Some NAOMI games received home ports that were compromised, making the arcade ROMs superior.
Perhaps the weirdest exclusive. A puzzle-action game where you play a witch stacking chocolates. It was a critical darling in niche Japanese arcades but a commercial flop. Only 200 boards were produced. Dumping this ROM was a community event in 2015, and it remains a prized possession for emulation hoarders. sega naomi roms exclusive
To understand the exclusives, you must understand the hardware. The NAOMI was modular. It ran on a GD-ROM drive (discs) or a "Cartridge" ROM board. While the Dreamcast shared the same CPU (Hitachi SH-4) and GPU (PowerVR2), the NAOMI often had more RAM, a higher clock speed, and specialized I/O boards for light guns, force feedback steering wheels, and card readers.

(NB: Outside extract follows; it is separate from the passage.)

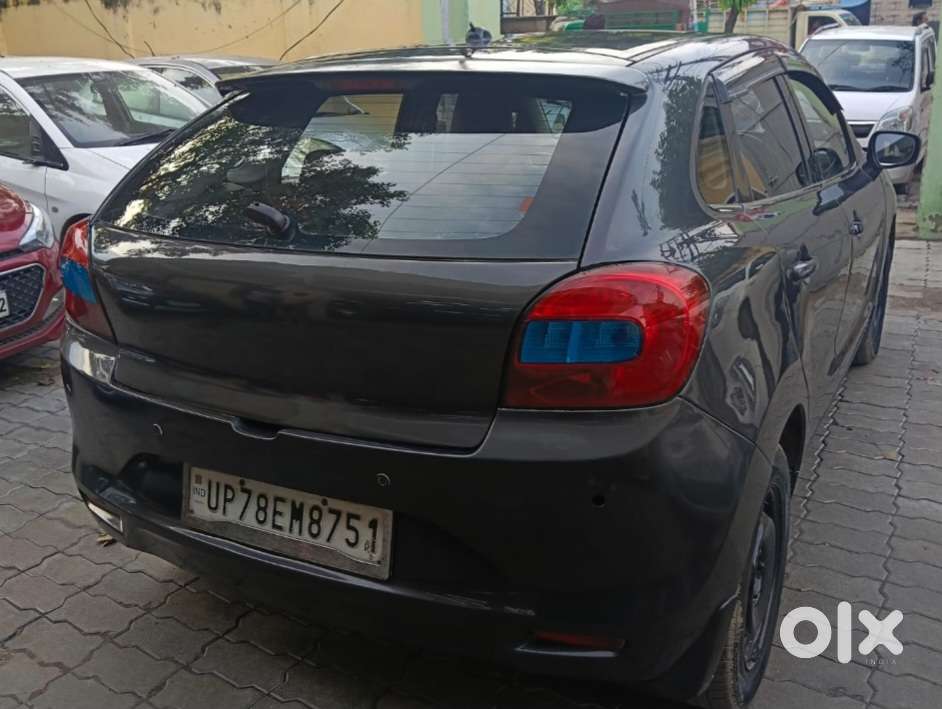 Maruti Suzuki Baleno Delta, 2016, Diesel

Some NAOMI games received home ports that were
Porting a NAOMI game to the Dreamcast meant cutting features, lowering resolutions, or ditching peripheral support. For many developers, it wasn't worth the cost. Consequently, dozens of titles remain locked inside the NAOMI’s silicon prison. It was a critical darling in niche Japanese
Furthermore, the "Atomiswave" (a later Sega arcade board) was technically a NAOMI derivative, confusing the ROM hierarchy. But true exclusives are those that refuse to boot on any consumer hardware without heavy modification.